With exam season right around the corner, what better a way to take a much needed mid-week break from revision than a night at the theatre? This past Thursday, the 17th of November, I had the privilege of watching the St Andrews Musical Theatre Society’s production of the musical Pippin at The Byre Theater. Having been in a production of Pippin myself back in America in 2016, I was extremely intrigued to see another theatrical group’s interpretation of the show. This musical follows the titular Pippin, son of King Charlemagne, on his quest to find something ‘completely fulfilling’ to do with his life. The show is woven by the charismatic ‘Leading Player’ and their ensemble as they aid in telling the tale of Pippin’s various endeavours – war, leisure, social justice, kingship, and eventually love.
Having never attended a show at The Byre Theatre before, I was excited to explore this venue which I’d heard so much about. Upon entry, I was pleasantly surprised by the setup of the auditorium – with the stage at ground level and the seating protruding upwards, with each row slightly higher than the one in front of it.
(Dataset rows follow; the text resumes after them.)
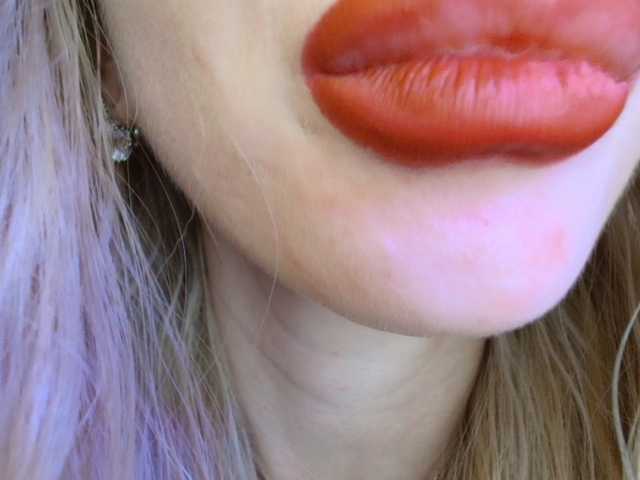 Liliiaxxx live cam preview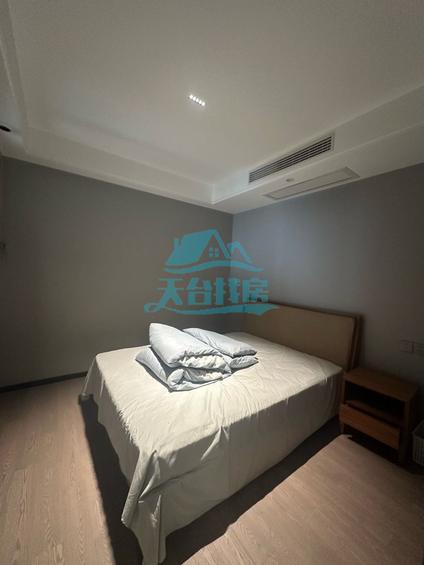 北京红石梁广场4室3厅311平高楼层/共29层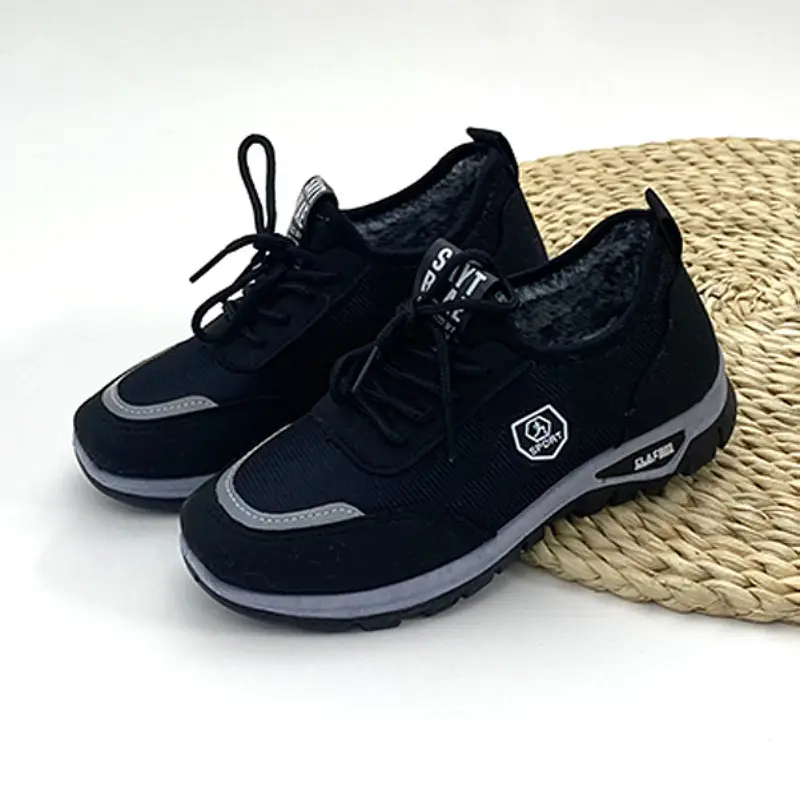 2026 Winter New Style Old Beijing Cotton Shoes with Added Fleece and Thickened Lining, Non-Slip Soft Sole Mom Shoes, Warm Shoes for the Elderly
I personally find this layout to be superior to the stereotypical auditorium, which has the stage higher up and the seats all at the same level. I find that especially for a musical like Pippin, this theatre layout makes for a more immersive theatrical experience where the audience is truly engaged with the show.
Immediately following “Magic to Do”, the riveting opening number of the show, I knew I was in for a treat. I was stunned by the vocal power and charming stage presence of the Leading Player, played by Ben Anderson, and was equally as impressed with the energy and talent within the ensemble. Typically, I am used to seeing musicals with quite large ensembles, to the point where the whole stage is occupied by players. However, Pippin only utilised a handful of ensemble members – an aspect of the show I absolutely loved. With the vocal power coursing through the auditorium from the group numbers, you would’ve thought the ensemble was triple the size. There was no doubt in my mind that the ensemble, through their concise movement and energetic performance, put their all into this show.
As the show progressed, I found myself continuously impressed with the talent of the cast members. Jobim Ffrench, the actor portraying Pippin, perfectly encapsulated what I imagine the character to be like. From his characteristically accurate mannerisms and expressions to his profound vocals, Ffrench made the story of Pippin come to life. One thing that I found quite special about this show in particular is how each of the lead characters has their moment to shine with their own respective numbers. Daniel Heidland as King Charlemagne, Taylor Colbeth as Pippin’s grandmother Berthe, and Radhika Rohit as his stepmother Fastrada all absolutely brought the house down with their stellar performances in their respective solo numbers in Act One of the show. I quite appreciated the interpersonal connections between the actors within this show. Nothing felt forced, you could truly feel the authenticity coursing through the performers when it came to the on-stage portrayal of various relationships. Specifically, this came about in Act Two of the show with the introduction of the characters of Catherine and Theo, respectively played by Judith Somerville and Lily Bates. The talent of Somerville and Bates was truly evident in their accurate portrayal of an eccentric, widowed mother and her young son yearning to connect with Pippin and incorporate him into their family. Their scenes in Act Two were ever so pleasant and heart-warming to watch, and you could truly feel the character shift within Pippin between the acts.
As for the technical elements of this show, you could tell that everyone involved put their best foot forward to ensure that this show would run smoothly. I was very impressed with both the lighting and sound of the show. Contrary to popular belief, I think that light and sound are one of the most important elements in the quality of a show. Without efficient lighting and sound, some aspects of the magic of live theatre are taken away. It was fortunate then, that the lighting and sound quality at this performance of Pippin ran without almost any hiccups. All of the lighting cues seemed to be perfectly timed, with spotlights added where needed. As for the sound, the microphone quality on all of the actors seemed to be perfectly intact. If there ever was a (rare) instance where an actor’s mic seemed to be a little too low, the technical team swiftly would get on top of the issue. From an overall standpoint, the choreography, the band, and the set and props utilised within the show were nothing short of impressive. It was very clear to me that everyone involved in this production put their absolute all into putting on a great show, and made for a riveting evening at The Byre Theatre.